タイ政府が高度専門職育成と企業の競争力強化に関する施策を承認

(タイ)

バンコク発

2025年11月17日

タイ投資委員会(BOI)が事務局を務めるタイのターゲット産業国家競争力強化政策委員会(委員長:アヌティン・チャーンウィラクン首相)は11月6日、「次世代産業の高度専門職育成策」と「タイ企業競争力強化支援策」の2つの措置外部サイトへ、新しいウィンドウで開きますを承認した。

〇次世代産業の高度専門職育成策

本施策は、国の戦略的発展に不可欠な対象産業で求められるスキル要件の変化に対応するため、大学生3万人と労働者7万人の合計10万人以上を対象とする。

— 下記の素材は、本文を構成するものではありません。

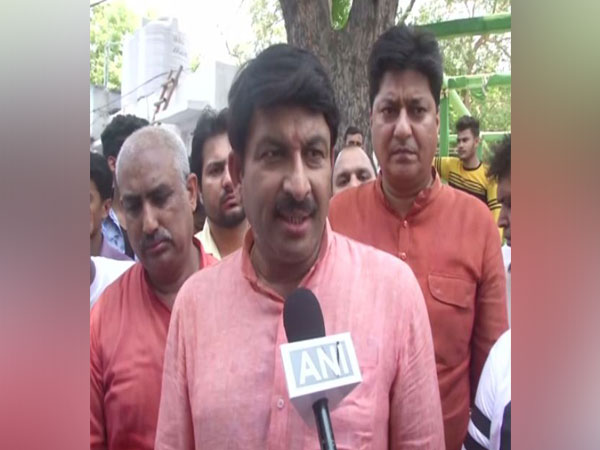 Delhi BJP president Manoj Tiwari speaking to ANI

具体的には、これら人材のスキルアップやリスキリングなどを通じて次世代産業の需要に応え、製造業・サービス業における新技術への適応力強化を支援するため、大学や訓練機関に対して助成する。

農業・バイオテクノロジー、高付加価値食品加工、バイオ燃料・バイオケミカル、次世代自動車、先端エレクトロニクス、ロボット工学、デジタル技術、ヘルスケア、防衛、グリーン産業など、国家的に重要なすべての関連産業が対象となる。

本施策に基づく研修プログラムは、技術競争力の強化に寄与する新技術や高度な知識に適合するブートキャンプ、オンサイトおよびオンライン研修、インターンシップなどのプログラムであることが必要。カリキュラム開発や評価システム管理などの必要な研修費用も支援の対象だが、研修形式によって支援限度額が決定される。

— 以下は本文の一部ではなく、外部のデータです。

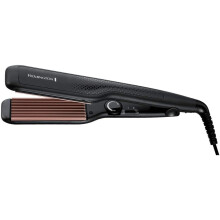 Remington S3580 Ceramic Crimp 220 Curling Tong - Tourmaline Ionic Coating, 150-220C, 30s Heat Up, Auto Shut-Off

助成を求める団体は、2026年1月までに申請し、承認日から6カ月以内にトレーニングを完了する必要がある。

〇タイ企業競争力強化支援策

本支援策では、タイ企業の効率性向上と競争力強化のため、(1)自動化やデジタル技術などの最新技術を用いた効率性向上、(2)研究開発、(3)新産業およびグリーン産業への転換の3つの主要分野にて、投資額と経費の30~50%に対して、1億バーツ(約4億7,000万円、1バーツ=約4.7円)を限度に、資金が提供される。

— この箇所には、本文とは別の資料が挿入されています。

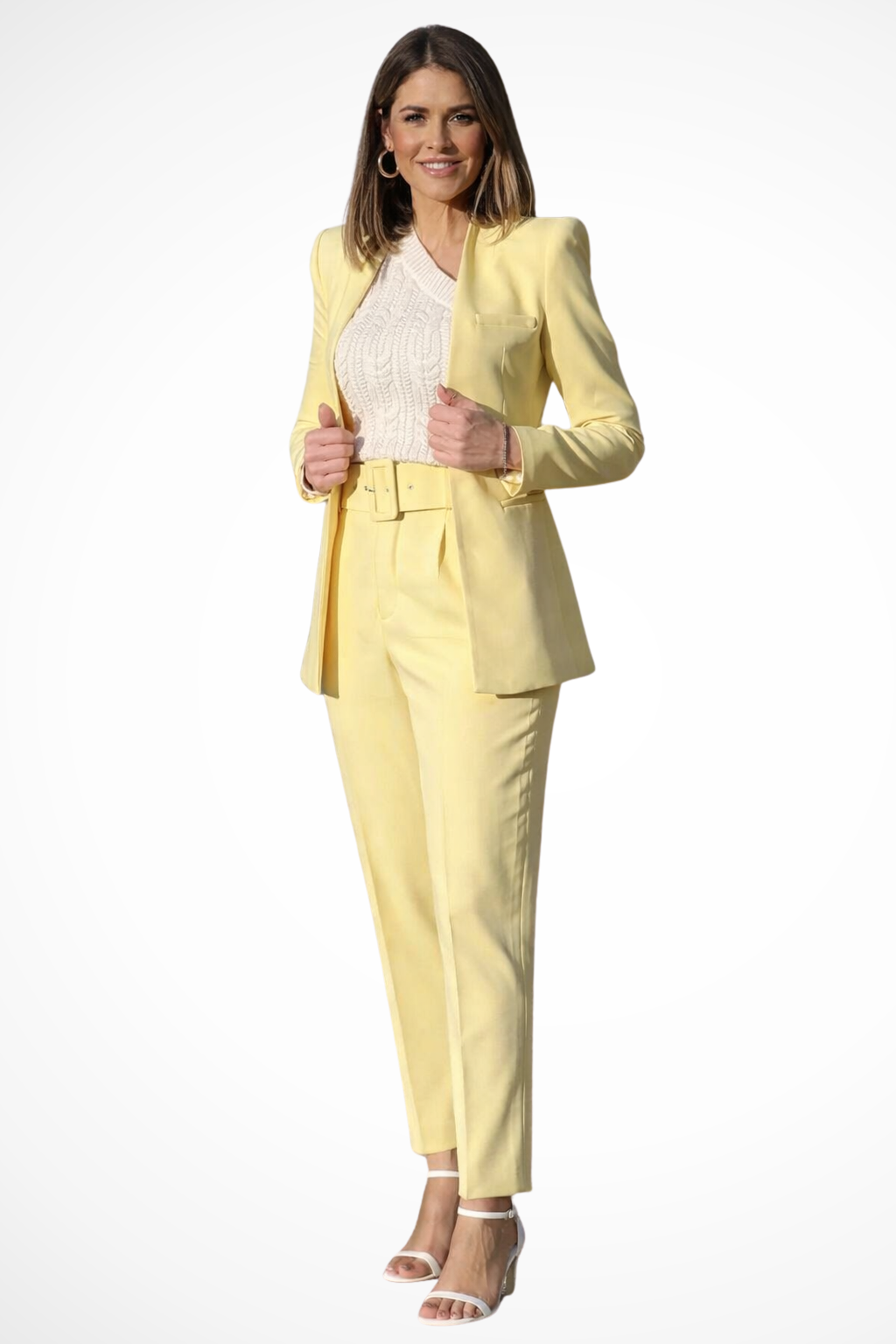 Josephine | Women Tailored Blazer and Wide Leg Trousers Suit Set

支援対象企業は、農業、食品、バイオテクノロジー、医薬品、自動車、エレクトロニクス、自動化・ロボット工学、防衛の各産業における、タイ資本51%以上を保有する法人で、最低5,000万バーツの投資が必要(中小企業振興局の「SME ONE IDプログラム、注」に登録されている中小企業は2,000万バーツ)。

2026年1月までに申請し、承認日から12カ月以内に完了する必要がある。

また、資金は企業の投資後に支払われるため、BOIはタイ銀行協会と協力して特別金利のつなぎ融資を設計し、企業の流動性を高めることとしている。

ナリット・タードサティーラックBOI長官は「タイ企業の競争力を強化することで、国内サプライチェーンの連携が強化され、投資量の増加につながる可能性がある」と述べた。

(注)中小企業が単一のIDを使用し、中小企業向け支援のほかさまざまな政府サービスにアクセスできるようにする制度。